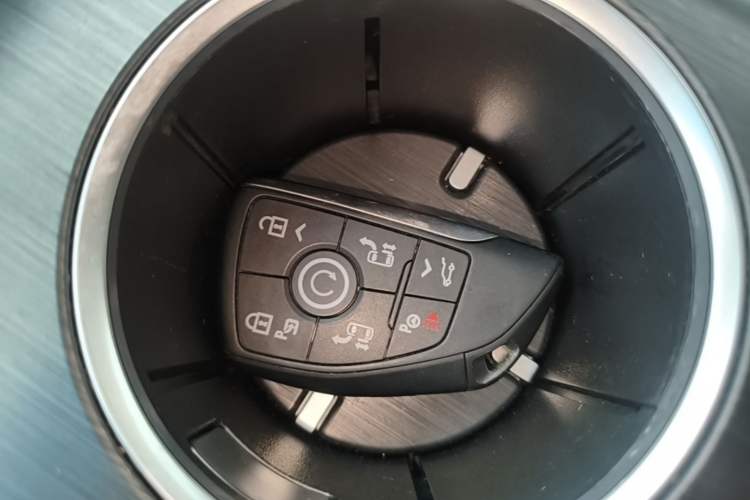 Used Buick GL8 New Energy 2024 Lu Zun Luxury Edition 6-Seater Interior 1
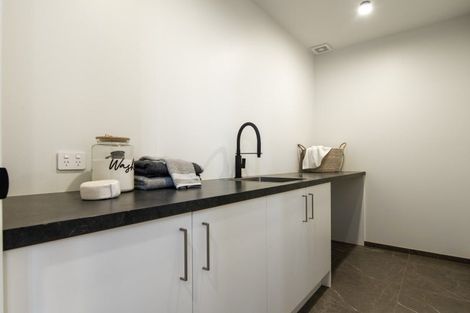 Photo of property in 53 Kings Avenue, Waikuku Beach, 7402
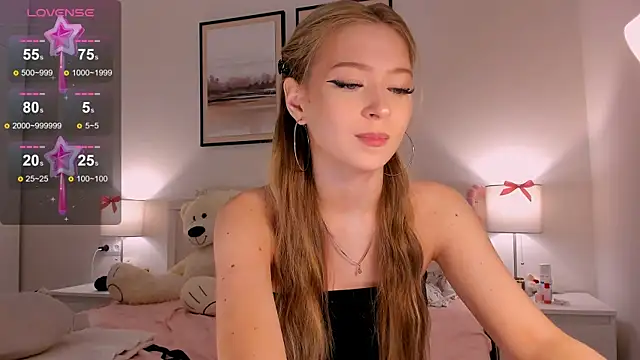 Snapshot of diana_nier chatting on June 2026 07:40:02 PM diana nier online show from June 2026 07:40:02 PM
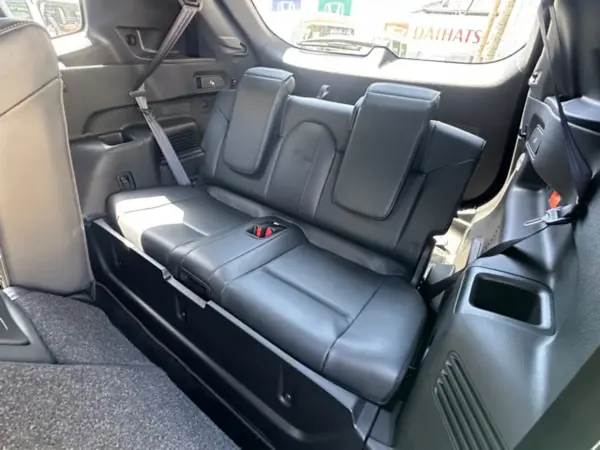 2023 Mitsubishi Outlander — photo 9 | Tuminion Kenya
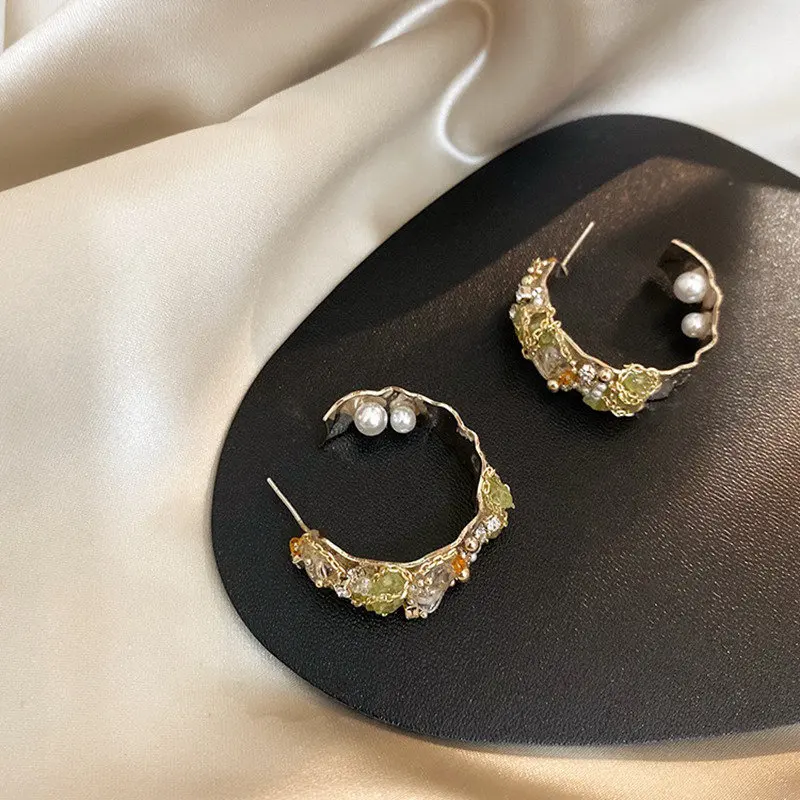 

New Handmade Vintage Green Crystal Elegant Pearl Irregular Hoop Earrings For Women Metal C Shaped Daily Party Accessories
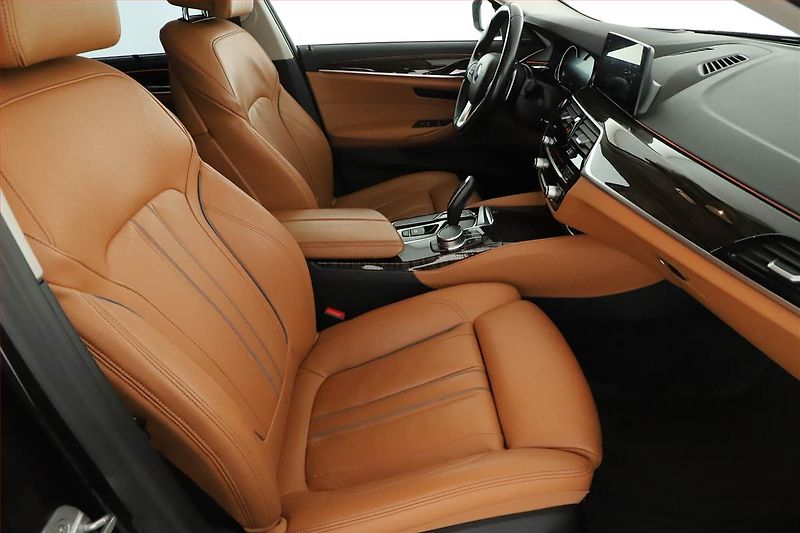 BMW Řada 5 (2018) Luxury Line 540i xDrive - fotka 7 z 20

####

What you will do:
Set the material down exactly, images excluded.

Response to the task:
 Used Buick GL8 New Energy 2024 Lu Zun Luxury Edition 6-Seater Interior 1
 Photo of property in 53 Kings Avenue, Waikuku Beach, 7402
 Snapshot of diana_nier chatting on June 2026 07:40:02 PM diana nier online show from June 2026 07:40:02 PM
 2023 Mitsubishi Outlander — photo 9 | Tuminion Kenya

New Handmade Vintage Green Crystal Elegant Pearl Irregular Hoop Earrings For Women Metal C Shaped Daily Party Accessories
 BMW Řada 5 (2018) Luxury Line 540i xDrive - fotka 7 z 20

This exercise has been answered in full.